The Fed’s non-monetary policy dealings, however, are “provoking justifiable criticism that unnecessarily casts a cloud over the Fed’s valuable independence,” Bessent wrote Monday. “While I have no knowledge or opinion on the legal basis for the massive building renovations being undertaken on Constitution Avenue, a review of the decision to undertake such a project by an institution reporting operating losses of more than $100 billion per year should be conducted.”
Bessent expounded on his opinion in an appearance Tuesday on Fox Business.
The Fed’s non-monetary policy mission, he said, “has just grown and grown and grown, and this is what happens when you don’t have oversight.”
“I know Chair Powell. There’s nothing that tells me that he should step down right now. He’s been a good public servant,” Bessent said. “His term ends in May. If he wants to see that through, I think he should. If he wants to leave early, I think he should.”
If Powell were to lead an internal review, it would be “a real chance here for him, for his legacy, to be that he right-sized the non-monetary policy functions of the Fed,” Bessent said.
DOJ referral and a boost from Yellen
Not every Trump-aligned official is giving Powell as much grace. Rep. Anna Paulina Luna, R-FL, followed through on her promise last week to “criminally [refer] Jerome Powell to the [Justice Department] to investigate perjury regarding his crazy $2.5BN building.”

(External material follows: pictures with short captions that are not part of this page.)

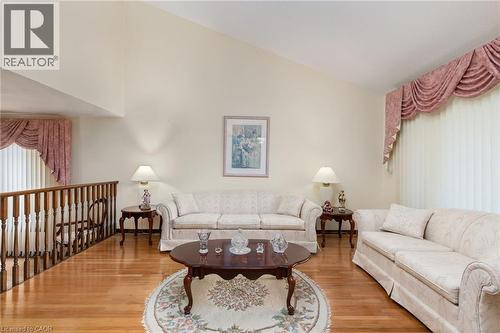 Living area featuring lofted ceiling and wood finished floors - 57 Derek Drive, Hamilton, ON - Indoor Photo Showing Living Room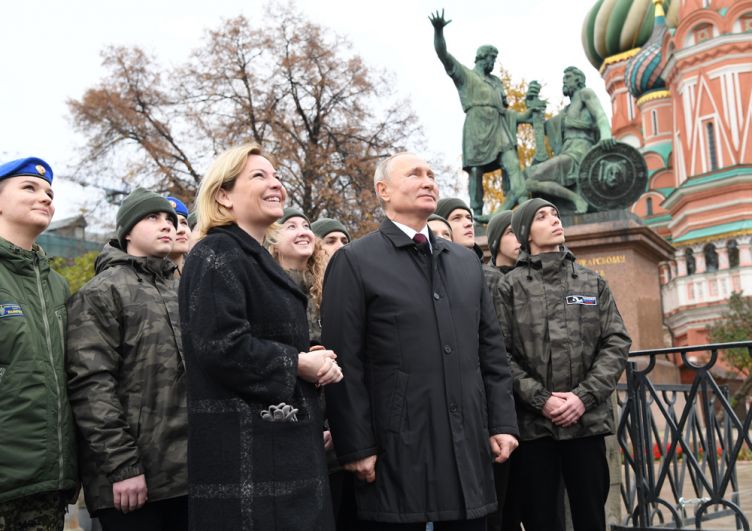 Президент РФ Владимир Путин вместе с представителями молодежных организаций слушают обновленный звон колоколов на Спасской башне Кремля. 
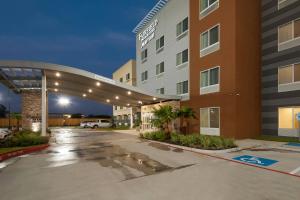 an empty parking lot in front of a hotel at Fairfield Inn by Marriott Houston Northwest/Willowbrook in Houston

Luna wrote Attorney General Pam Bondi on Saturday, accusing Powell of lying twice during June testimony about details of the Fed’s restoration project, and asked the DOJ to investigate.

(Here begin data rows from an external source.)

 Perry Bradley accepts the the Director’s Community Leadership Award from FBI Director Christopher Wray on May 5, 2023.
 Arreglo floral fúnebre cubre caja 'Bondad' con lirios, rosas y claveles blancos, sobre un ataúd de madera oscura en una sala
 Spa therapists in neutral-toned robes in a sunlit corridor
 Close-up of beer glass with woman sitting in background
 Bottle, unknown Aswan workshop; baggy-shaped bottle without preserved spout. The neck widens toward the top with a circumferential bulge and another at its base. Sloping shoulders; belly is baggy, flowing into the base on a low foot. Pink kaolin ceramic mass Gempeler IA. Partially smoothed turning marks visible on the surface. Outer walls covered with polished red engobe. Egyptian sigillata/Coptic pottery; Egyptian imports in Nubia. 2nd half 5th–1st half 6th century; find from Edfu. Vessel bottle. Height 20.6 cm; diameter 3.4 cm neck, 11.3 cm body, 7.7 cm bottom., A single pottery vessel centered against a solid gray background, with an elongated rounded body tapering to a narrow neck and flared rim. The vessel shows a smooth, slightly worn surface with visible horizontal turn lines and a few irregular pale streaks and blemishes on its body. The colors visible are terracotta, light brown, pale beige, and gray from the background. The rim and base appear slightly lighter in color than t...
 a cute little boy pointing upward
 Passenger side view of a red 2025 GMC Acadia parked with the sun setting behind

Powell’s assertion that “there’s no VIP dining room, there’s no new marble … no special elevators … no new water features [and] no roof terrace gardens” is contradicted by the project’s plans, Luna said.
Further, Powell’s statement that the Fed’s Eccles Building “had never really had … a serious renovation” is false, Luna said, because the central bank’s board “conducted a comprehensive renovation” of the space from 1999 to 2003, including “the replacement of the roof, all major systems and a full refurbishing of interior and courtyard spaces.”

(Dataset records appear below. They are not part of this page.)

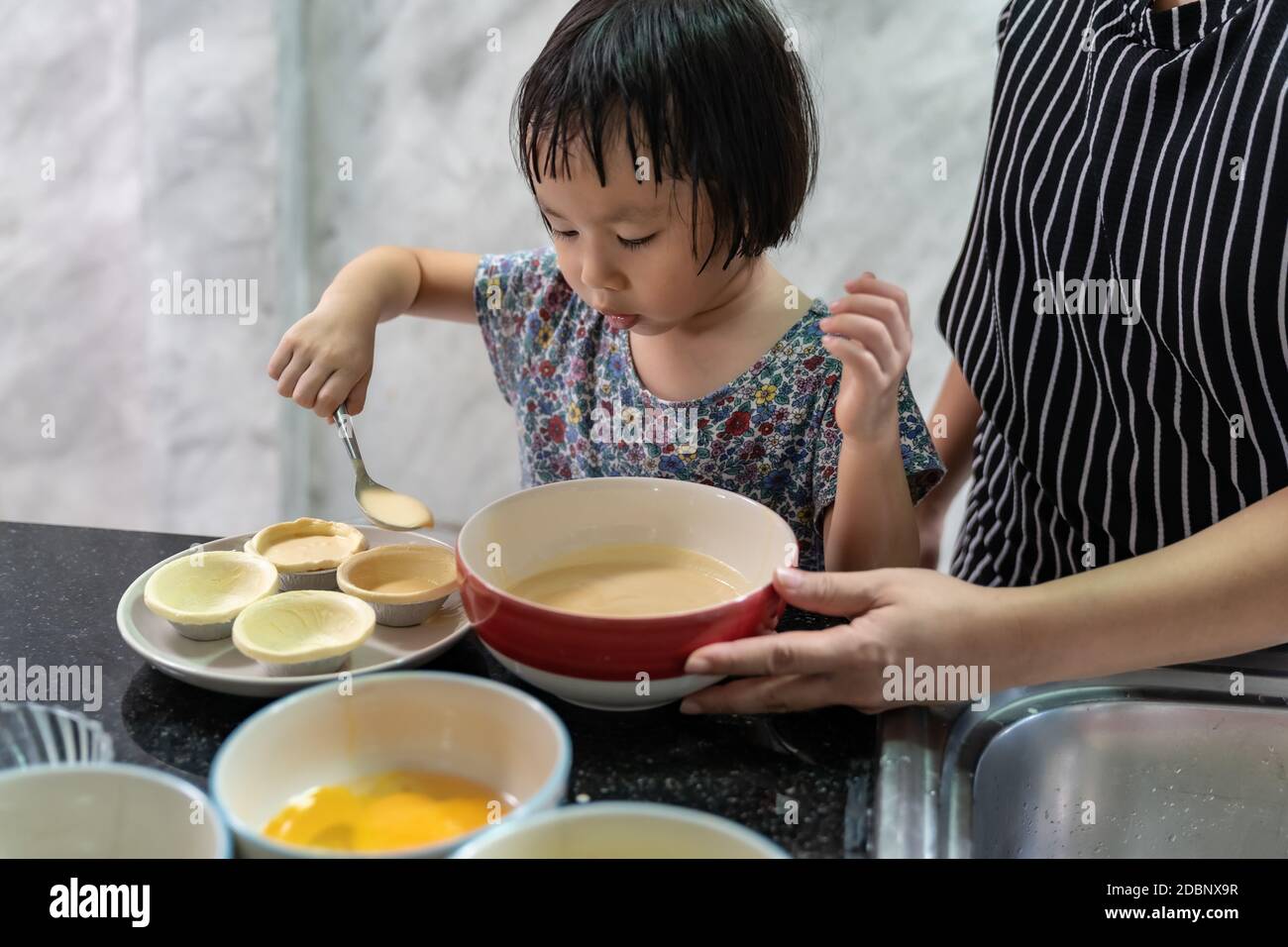 Asian girl cooking egg tart bakery with her mom, housework for child make executive function for kid. Houseworking food lifstyle and family concept. Stock Photo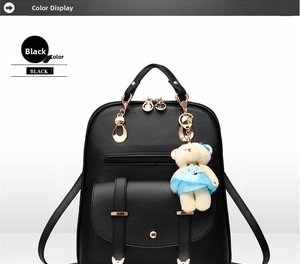 Front detail of black leather backpack featuring decorative metal cat ears and bear charm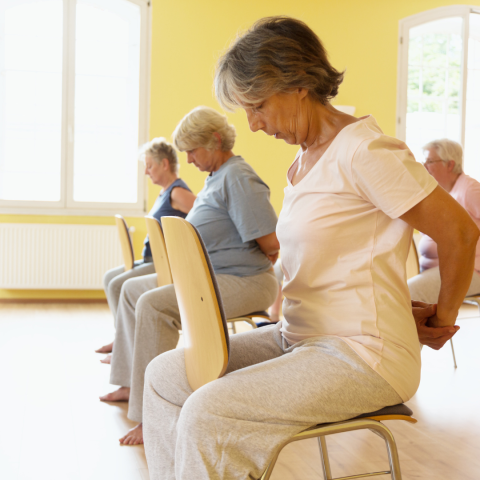 Women doing chair yoga in yellow room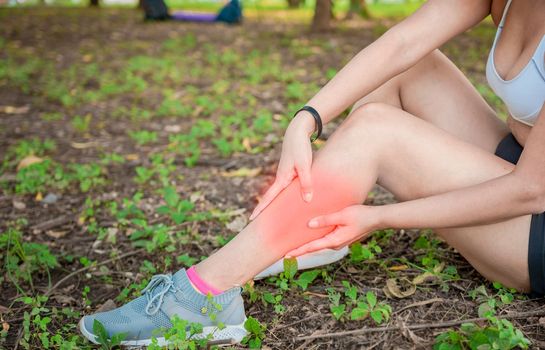 Athlete girl sitting on the grass with leg pain. Sore sporty girl sitting on the grass rubbing her leg. Outdoor athlete woman leg pains concept. Athlete woman rubbing her leg sitting on the grass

“These are not minor misstatements,” Luna said Monday in a press release. “Chairman Powell knowingly misled both Congress and executive branch officials about the true nature of a taxpayer-funded project. Lying under oath is a serious offense — especially from someone tasked with overseeing our monetary system and public trust.”
Two past Fed chairs, however, also came to Powell’s defense Monday.
In an op-ed printed in The New York Times, Janet Yellen and Ben Bernanke wrote that Trump’s “demands for a radical reduction in interest rates and his threats to fire its chair … undermine not only Mr. Powell but also all future chairs and, indeed, the credibility of the central bank.”
“Independence means that monetary policymakers are permitted to use fact-based analysis and their best professional judgment in determining how best to reach their mandated goals, without regard to short-term political pressures,” Yellen and Bernanke wrote.
It should be noted, too, that Yellen and Bernanke were nominated to Fed leadership roles by Democratic presidents, while Powell is a Republican.
“President Trump, like all Americans, is entitled to express his views on monetary policy,” the past chairs wrote. “He will have a chance to put his stamp on the Federal Reserve by nominating someone to succeed Mr. Powell when his term ends next spring.”
Yellen and Bernanke urged Trump to pick a nominee “who will keep an appropriate distance between the Fed and short-term politics.”
“The Fed’s credibility … is hard to acquire and easy to lose,” they wrote.